How to manage dysfunctional relationships at work
While many leaders believe relationships are important, few can tell you much about the patterns of interaction that define how their most important relationships work or fail to work, according to Diana McLain Smith in her book The Elephant in the Room: How Relationships Make or Break the Success of Leaders and Organizations. Relationships between people in organisations have predictable patterns which can be analysed and altered.
The book goes on to analyse why some relationships grow stronger over the course of time and why some grow weaker. By taking a relational perspective and reflecting and reframing, leaders are able to overcome differences and strengthen working relationships. Through observing and analysing patterns of interactions it is possible to transform the underlying structure of a relationship. The author provides tools and techniques for doing this.

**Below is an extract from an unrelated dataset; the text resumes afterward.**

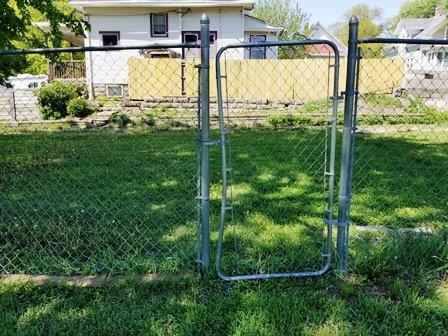 Damaged gate in chain link fence.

Much of the book is taken up in describing particular relationships in detail. Chapters 1 and 2 chronicle and interpret the breakdown in the relationship between Steve Jobs and John Sculley leading to Steve being fired from Apple. I must admit that I found these chapters somewhat uncomfortable reading, partly because I do not enjoy reliving the minutiae of a dispute, and partly because it seems presumptive to pronounce judgment on supposed personal interactions based purely on information gleaned from secondary sources.
Nonetheless, the book provides useful advice about ways of managing interpersonal relationships that are not going well. Most organisational leaders develop ways of coping with dysfunctional inter-personal relationships, but this book suggests techniques which are likely to provide a higher level of success. I recommend the book as a challenging but worthwhile read.